Exercise aim:
Pictures should be left out when the listing below is repeated word for word.

Data for the task:
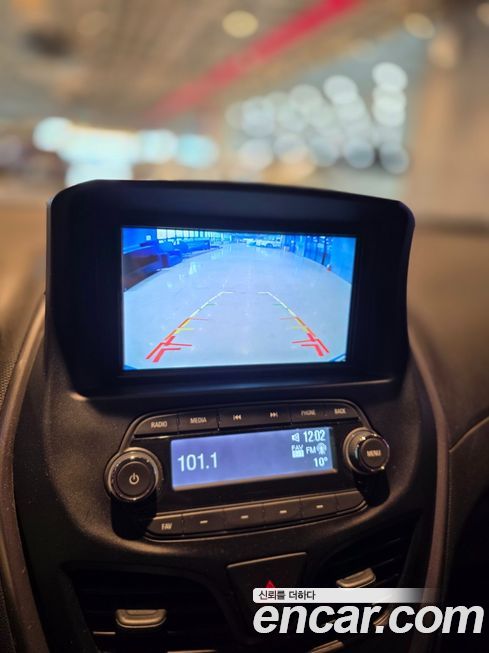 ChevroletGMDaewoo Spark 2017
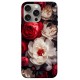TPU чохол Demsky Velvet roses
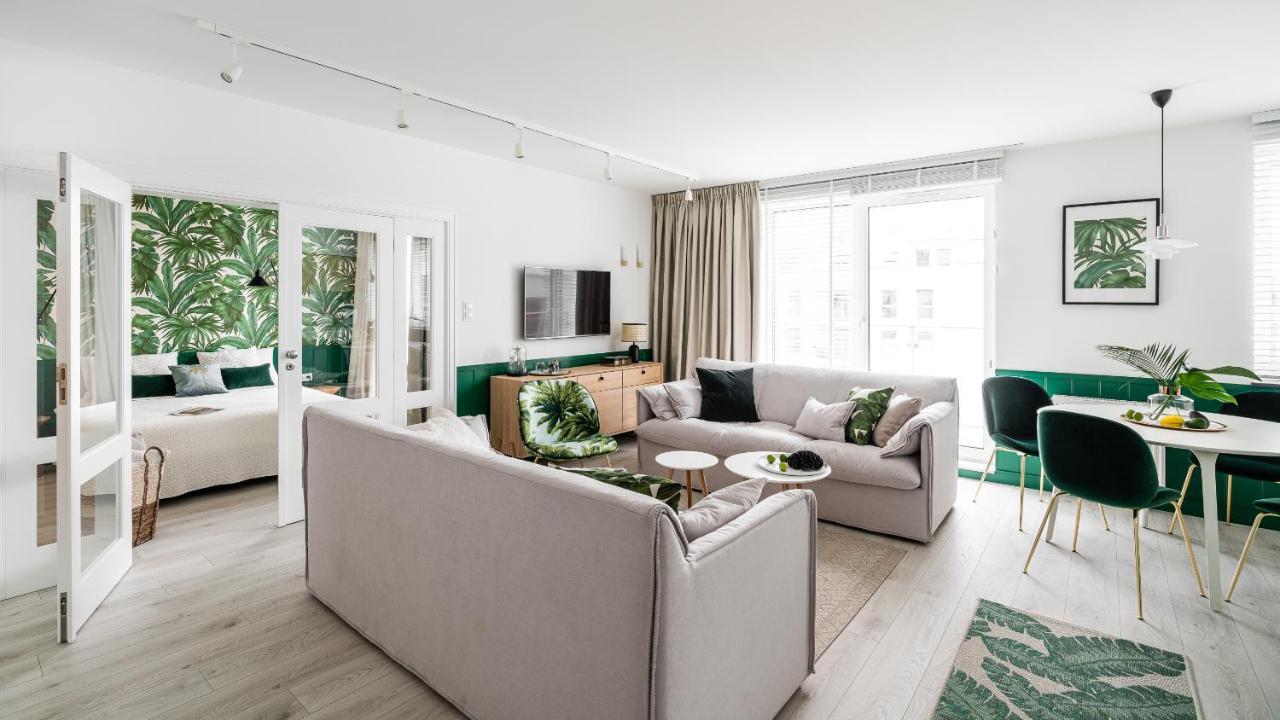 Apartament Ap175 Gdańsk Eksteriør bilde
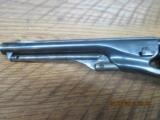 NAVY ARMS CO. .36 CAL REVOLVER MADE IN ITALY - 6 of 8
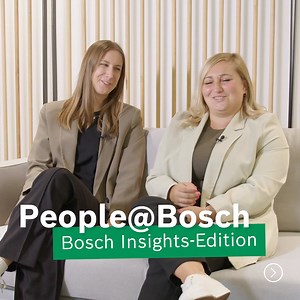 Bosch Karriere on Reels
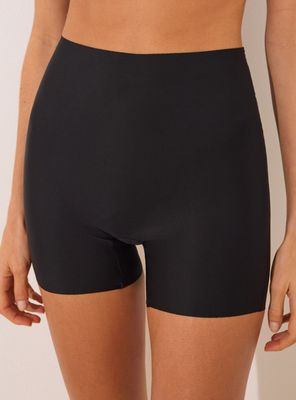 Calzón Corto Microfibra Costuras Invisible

The answer:
 ChevroletGMDaewoo Spark 2017
TPU чохол Demsky Velvet roses
 Apartament Ap175 Gdańsk Eksteriør bilde
 NAVY ARMS CO. .36 CAL REVOLVER MADE IN ITALY - 6 of 8
 Bosch Karriere on Reels
 Calzón Corto Microfibra Costuras Invisible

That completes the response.